Exercise prompt:
Starting with the line that holds "PUMA Men's Magnify" and stopping after the line that holds "Teardrop Drop Dangle", repeat the lines below word for word, without the pictures.

Short text fragments from websites:
........
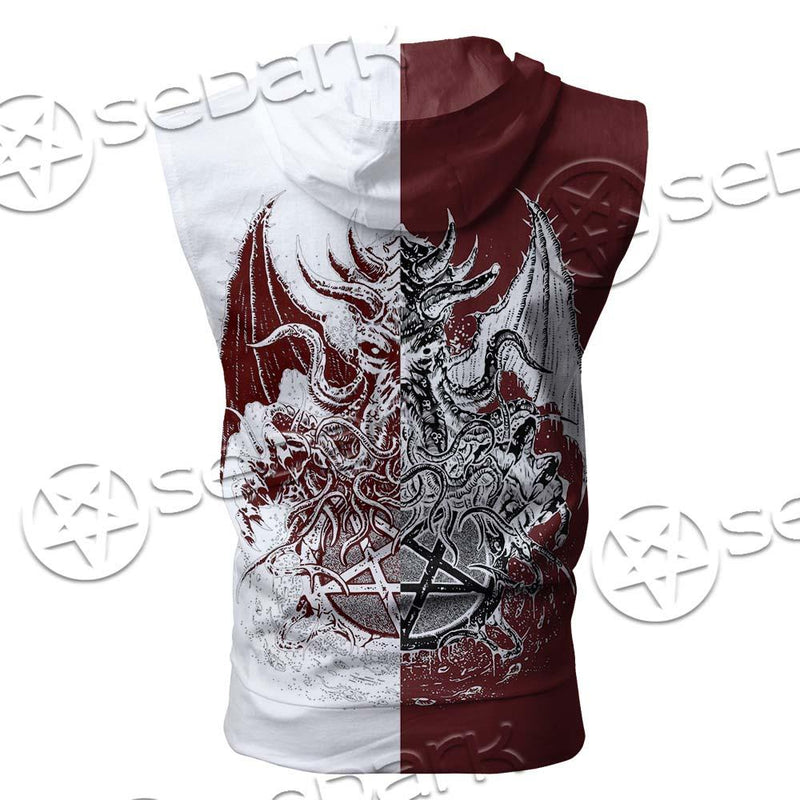 Satanic Cthulhu SED-0681 Zip Sleeveless Hoodie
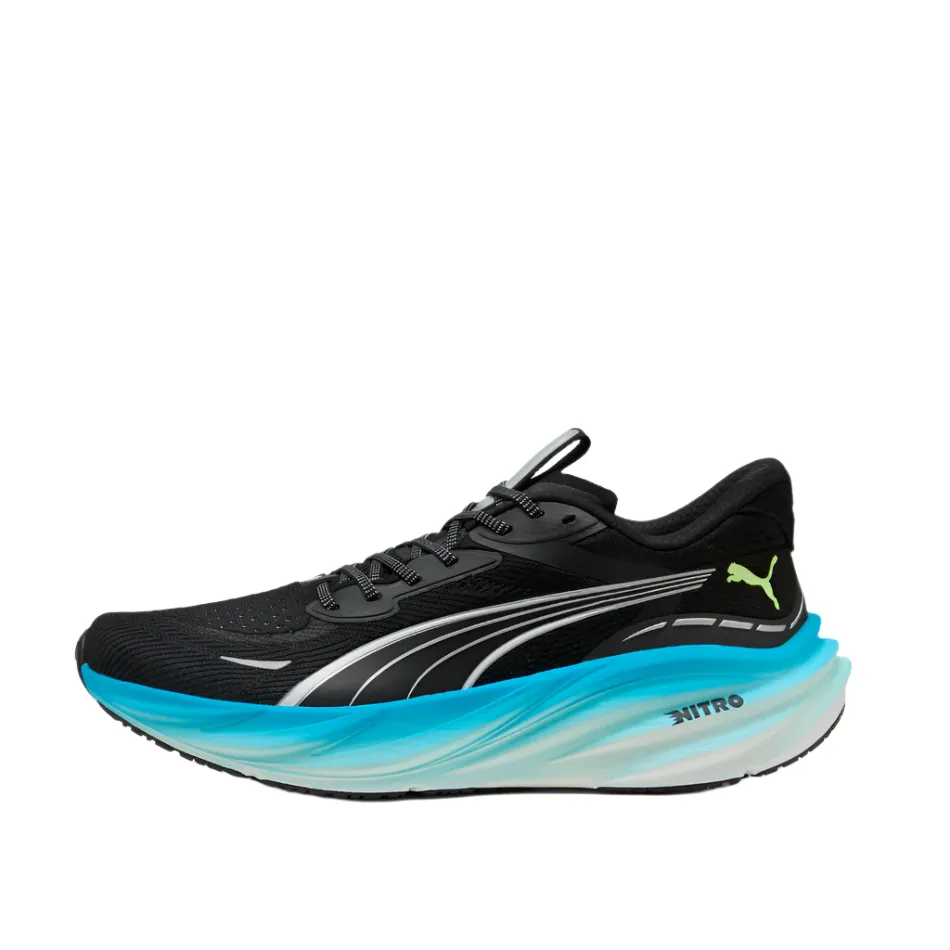 PUMA Men's Magnify NITRO 3 Running Shoes in PUMA Black/Speed Blue AW25 Well Fitted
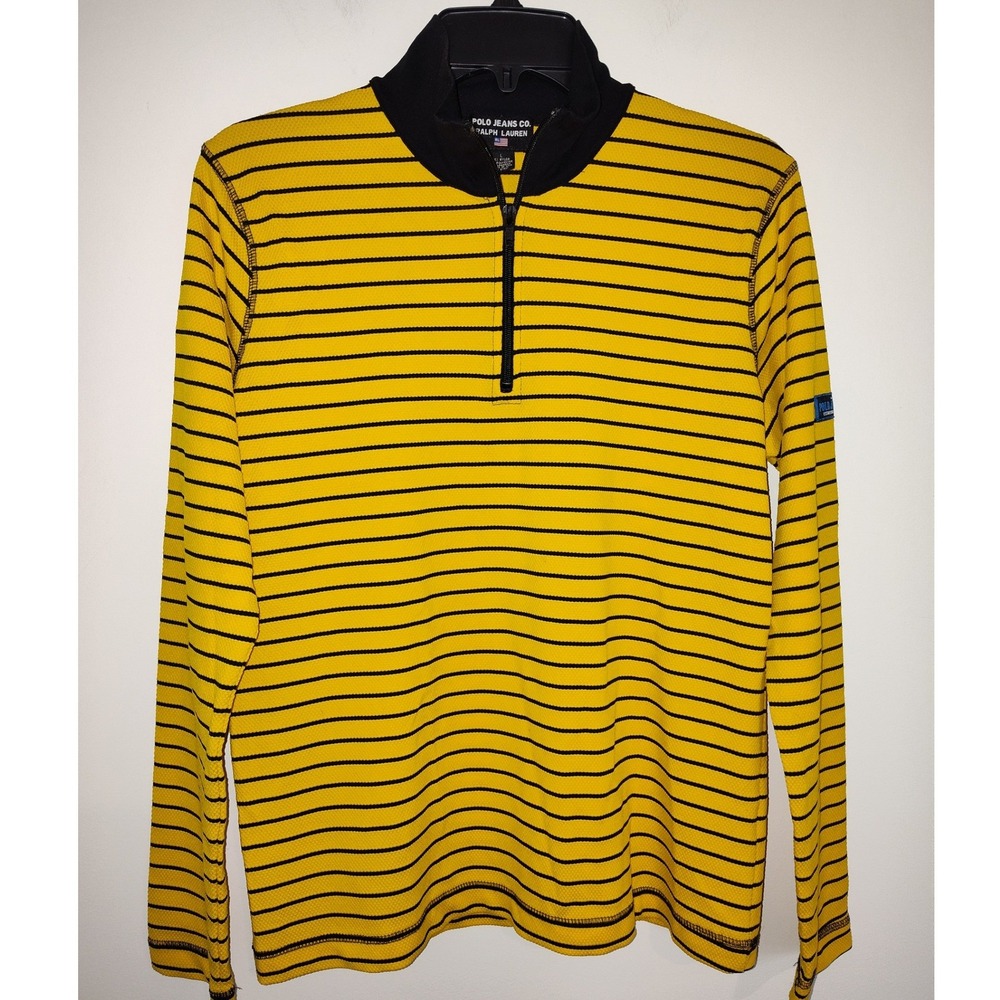 Polo Jeans Co Ralph Lauren Mens Large Yellow Black Striped Quarter Zip Pullover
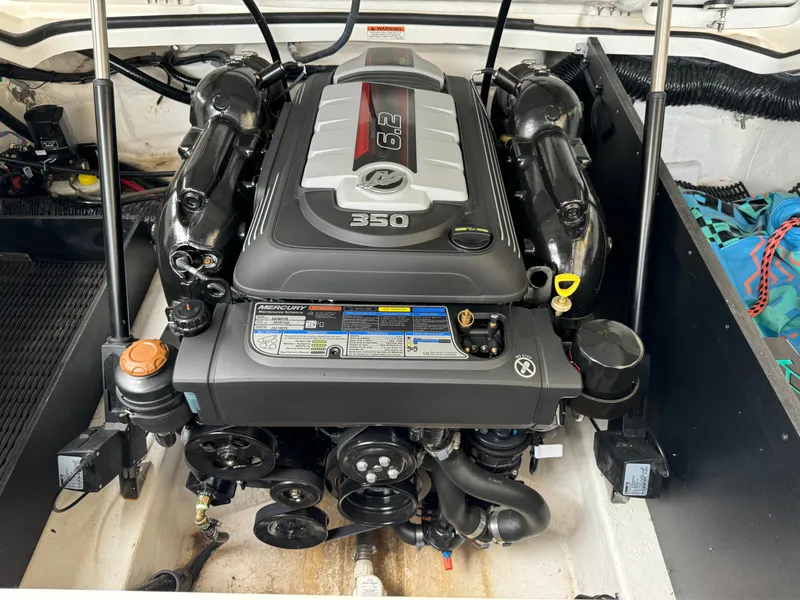 Slide: The Image of 2022 Monterey 278 Super Sport engine compartment with 6.2L 350 horsepower engine. - 44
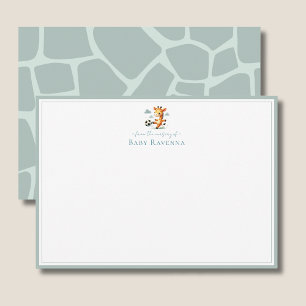 Tarjeta Pequeña Sage Suave Piel de Jirafa Gris Guardería para Bebé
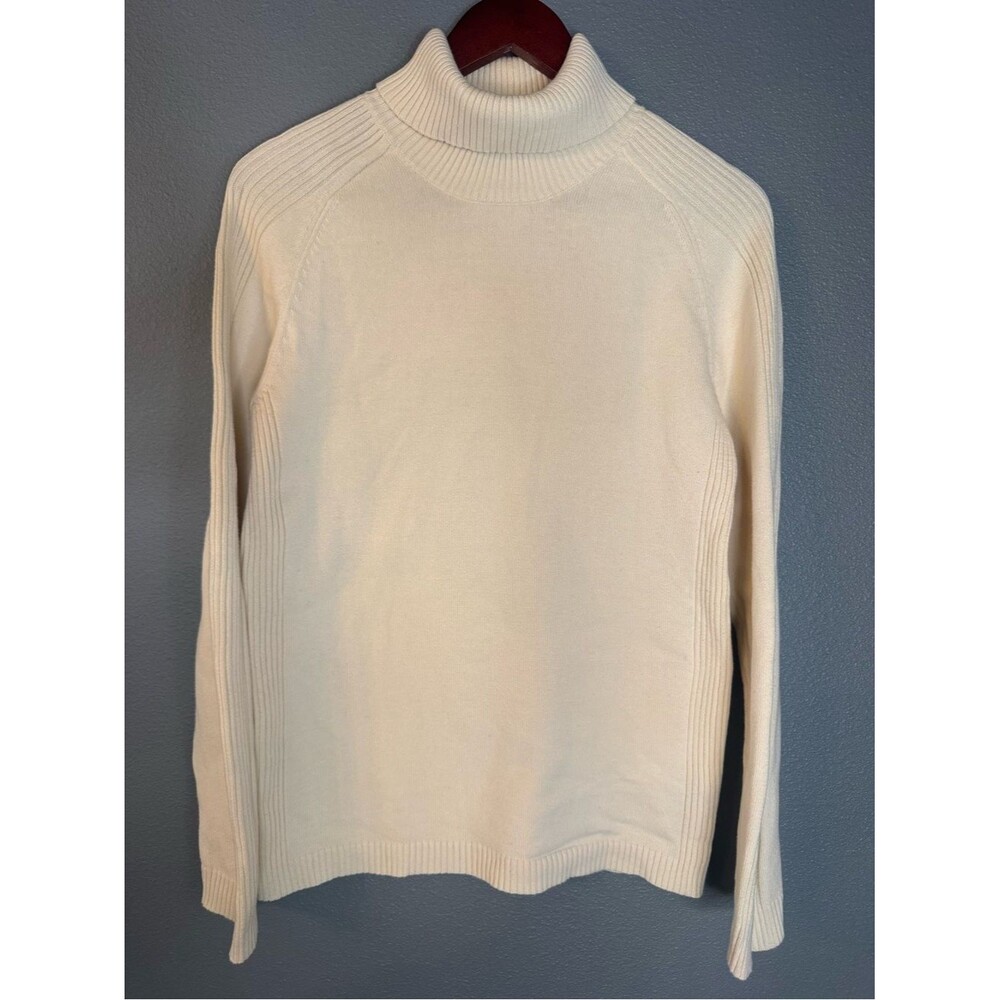 Polo Ralph Lauren Ribbed Turtleneck Sweater Cotton Womens XL Cream Ivory Preppy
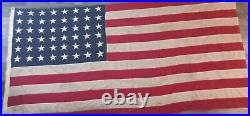 Vintage Valley Forge Co. WWII Era American 48 Star Flag Stitched 5' x 9.5' USA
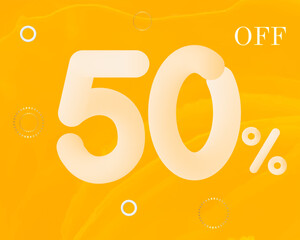 50 percent off. Yellow splash vector banner 3d. Big, hot discounts, reduced price, discount gift bonus. Advertising company mega sales, holiday event. Special offer, promo, clearance coupon, voucher.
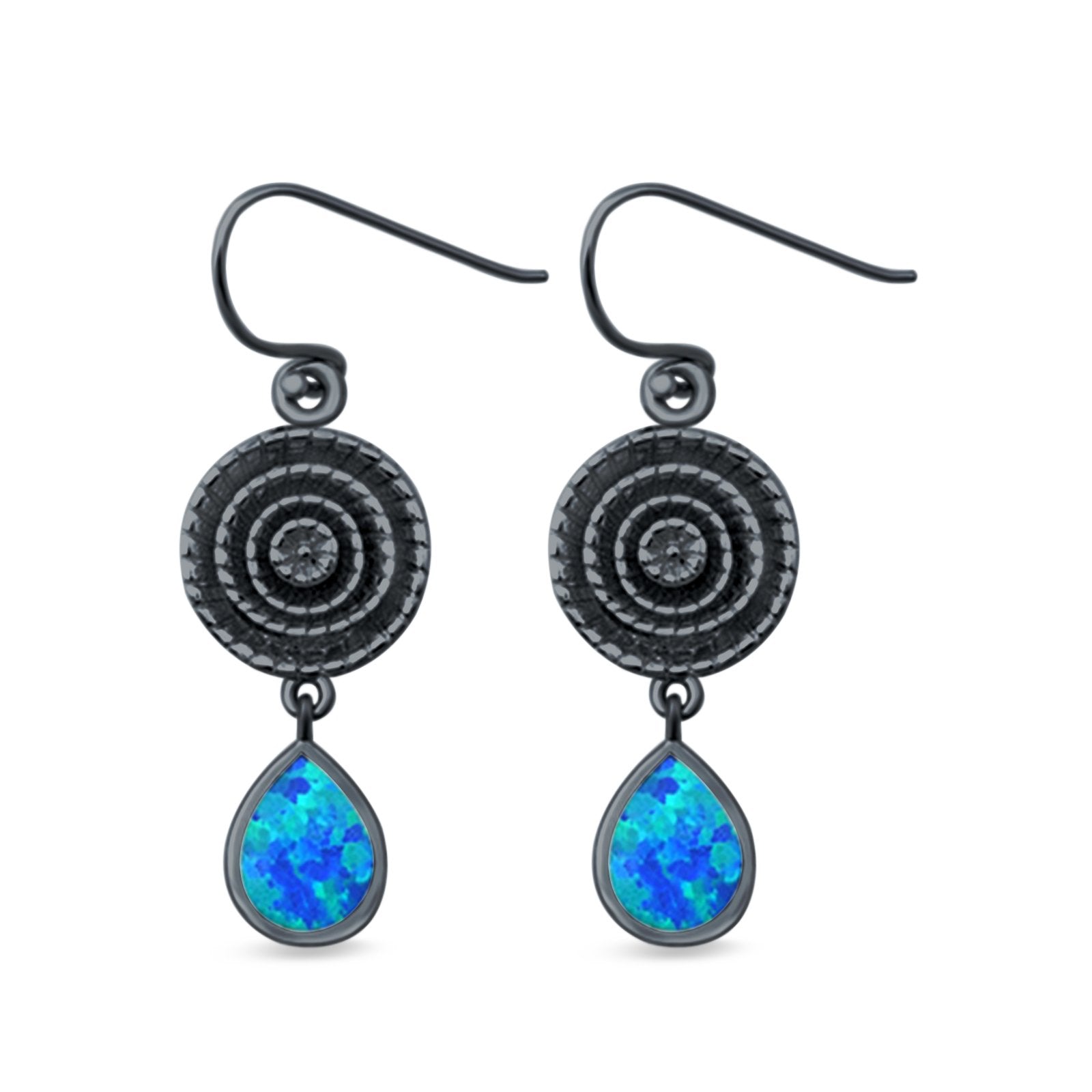 Teardrop Drop Dangle Earrings Pear Lab Created Opal 925 Sterling Silver (26mm)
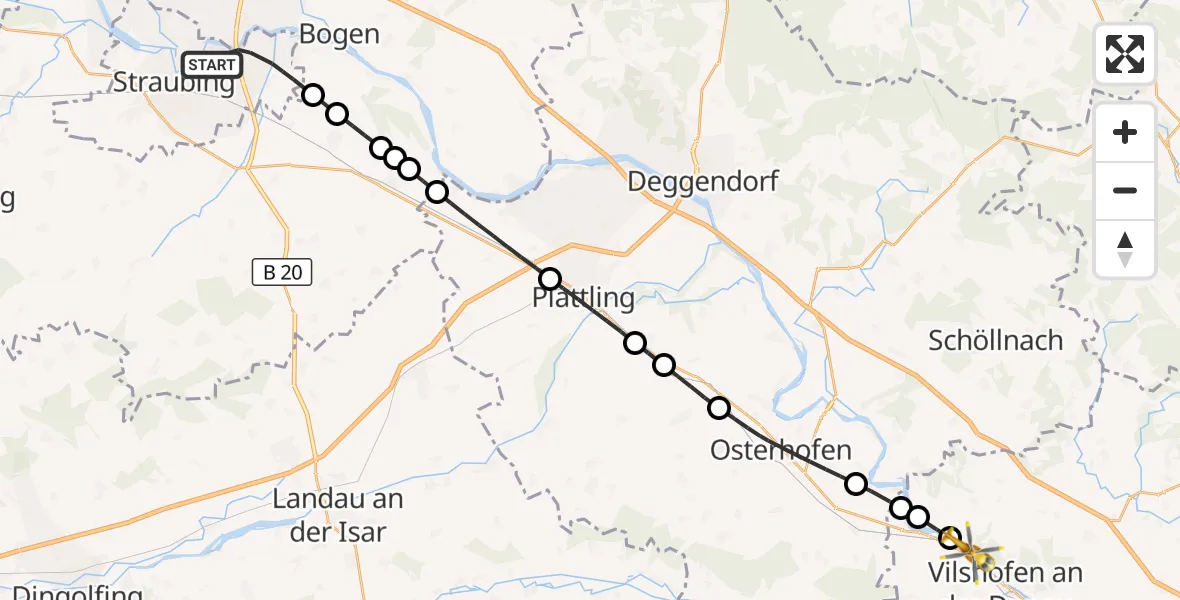Flugroute Rettungshubschrauber Straubing - Vilshofen an der Donau, 29 Mai 2026, 12:01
........
Written answer:
 PUMA Men's Magnify NITRO 3 Running Shoes in PUMA Black/Speed Blue AW25 Well Fitted
 Polo Jeans Co Ralph Lauren Mens Large Yellow Black Striped Quarter Zip Pullover
 Slide: The Image of 2022 Monterey 278 Super Sport engine compartment with 6.2L 350 horsepower engine. - 44
 Tarjeta Pequeña Sage Suave Piel de Jirafa Gris Guardería para Bebé
 Polo Ralph Lauren Ribbed Turtleneck Sweater Cotton Womens XL Cream Ivory Preppy
 Vintage Valley Forge Co. WWII Era American 48 Star Flag Stitched 5' x 9.5' USA
 50 percent off. Yellow splash vector banner 3d. Big, hot discounts, reduced price, discount gift bonus. Advertising company mega sales, holiday event. Special offer, promo, clearance coupon, voucher.
 Teardrop Drop Dangle Earrings Pear Lab Created Opal 925 Sterling Silver (26mm)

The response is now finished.